The first race is for the gigawatt cluster. Colossus 2 claims first-to-1-GW in early 2026 (though Tom's Hardware analysis of cooling capacity suggests a phased ramp closer to 350 MW). Stargate Abilene, Hyperion, Prometheus, and Microsoft's Fairwater all follow. Beyond that, hyperscalers are experimenting with multi-datacenter training — Google trained Gemini Ultra across multiple sites linked by optical circuit switches; OpenAI's "MegaScaler" extends synchronous training across campuses; the industry is increasingly looking at asynchronous gradient descent to break the speed-of-light synchronization barrier across long-haul fiber.

The second race is for inference-optimized silicon: Rubin CPX, Trainium3, Maia 200, the Broadcom-OpenAI accelerator, and the Groq licensing deal all reflect a bifurcation where the optimal training chip and the optimal inference chip diverge sharply.

The third race is for optical interconnect at chip scale, where co-packaged optics from NVIDIA, Lightmatter, Ayar Labs, and Marvell/Celestial AI promise to remove the power and reliability tax of pluggable transceivers at million-GPU scale.

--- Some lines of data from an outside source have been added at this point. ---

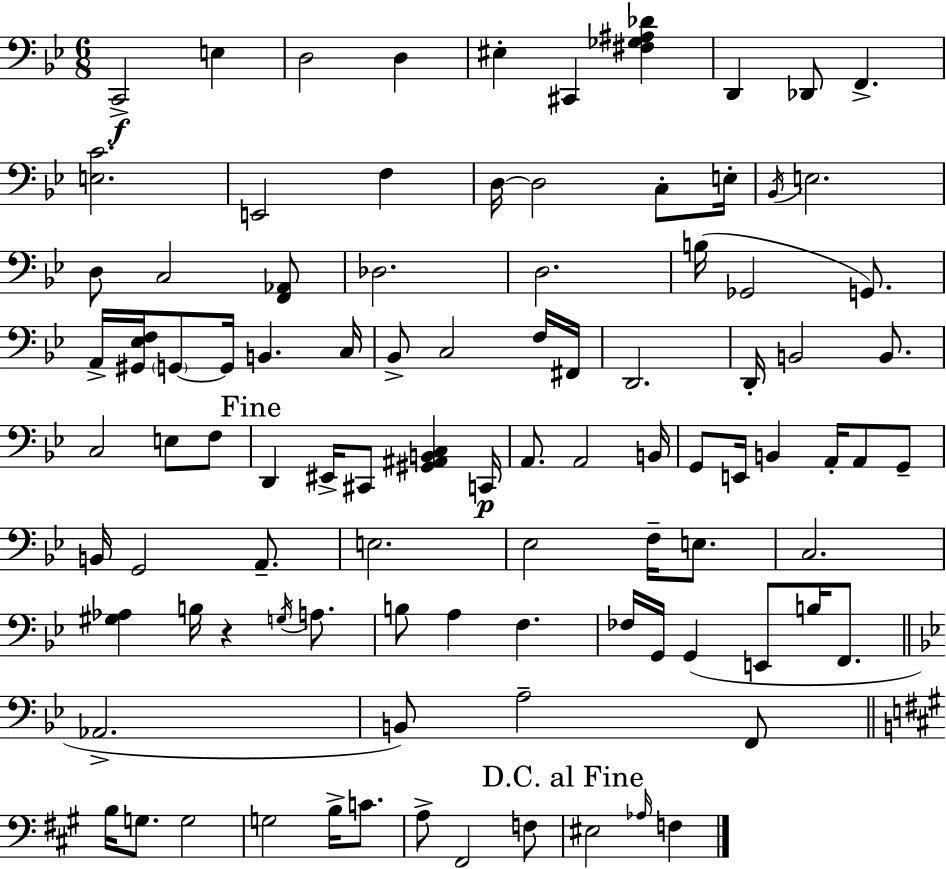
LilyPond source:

{
  \clef bass
  \numericTimeSignature
  \time 6/8
  \key bes \major
  c,2->\f e4 | d2 d4 | eis4-. cis,4 <fis ges ais des'>4 | d,4 des,8 f,4.-> | \break <e c'>2. | e,2 f4 | d16~~ d2 c8-. e16-. | \acciaccatura { bes,16 } e2. | \break d8 c2 <f, aes,>8 | des2. | d2. | b16( ges,2 g,8.) | \break a,16-> <gis, ees f>16 \parenthesize g,8~~ g,16 b,4. | c16 bes,8-> c2 f16 | fis,16 d,2. | d,16-. b,2 b,8. | \break c2 e8 f8 | \mark "Fine" d,4 eis,16-> cis,8 <gis, ais, b, c>4 | c,16\p a,8. a,2 | b,16 g,8 e,16 b,4 a,16-. a,8 g,8-- | \break b,16 g,2 a,8.-- | e2. | ees2 f16-- e8. | c2. | \break <gis aes>4 b16 r4 \acciaccatura { g16 } a8. | b8 a4 f4. | fes16 g,16 g,4( e,8 b16 f,8. | \bar "||" \break \key g \minor aes,2.-> | b,8) a2-- f,8 | \bar "||" \break \key a \major b16 g8. g2 | g2 b16-> c'8. | a8-> fis,2 f8 | \mark "D.C. al Fine" eis2 \grace { aes16 } f4 | \break \bar "|."
}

The constraints surrounding all three races are mostly physical and slow-moving:

  • Grid interconnect queues of 4–7 years in major markets and over 2,100 GW of pending interconnections nationally
  • Transformer and switchgear lead times of 36–48 months (some up to 7 years for large gas turbines), delaying an estimated half of planned 2026 US data-center capacity
  • HBM and CoWoS allocation sold out through 2026, with NVIDIA having pre-booked over half of TSMC's 2026 packaging capacity

Hyperscaler combined capex of ~$220 billion in 2024, ~$400 billion in 2025, and a guided $660–725 billion in 2026 is now consuming roughly 2.2% of US GDP — a capital-intensity level that approaches the 1990s telecom buildout and exceeds anything in modern tech. Capital intensity at the Big Five has jumped from under 20% of revenue historically to 45–57%, financed by record bond issuance (>$100 billion in 2025 alone).

What this means

The most important reframing in this primer is simple: AI is no longer software running on commodity infrastructure; it is a co-designed physical system in which the building, the power plant, the cooling loop, the network fabric, and the chip are now a single product. NVIDIA's GB200 NVL72 is the clearest expression — a 120 kW rack that is sold, conceptually, as one GPU. Rubin Ultra's 600 kW Kyber rack extends the principle. The constraint binding the next leg of AI scaling is not algorithmic cleverness or even chip design — it is electricity, transformers, packaging capacity, and skilled construction labor, none of which scale on Moore's-law timelines.

A few specific implications follow. NVIDIA's moat is wider than market share alone suggests, because CUDA, NVLink, and ecosystem lock-in compound; AMD, Google, and the custom hyperscaler chips will steal share at the margin, especially for inference, but a full ecosystem displacement is unlikely this decade. The DeepSeek moment was real but partially misread: efficiency gains compress the cost of training a given capability, but Jevons-paradox dynamics around reasoning models are pushing total inference demand vastly higher, which is exactly why hyperscaler capex accelerated rather than slowed after January 2025. The geopolitical center of gravity is shifting: the US-China binary of 2022 has become a multi-polar geometry in which Gulf sovereign wealth, EU industrial policy, Korean industrial conglomerates, and Japanese state subsidy are all serious players, and where export controls have shown themselves to be a leaky, frequently-renegotiated instrument rather than a wall.

Most fundamentally, the bottleneck has migrated. In 2022 it was design. In 2023 it was wafers. In 2024 it was HBM and CoWoS. In 2025 it was power. In 2026 it is electrical equipment — transformers, switchgear, busbars — and the multi-year grid interconnect queue. The frontier AI race is now, to a first approximation, a race for hundred-MW substations and thousand-MW power purchase agreements. Whoever wins the next leg of the LLM race will likely be whoever first solves the boring industrial problems of moving electrons reliably into a building full of liquid-cooled silicon — and then teaching that silicon to think in lockstep.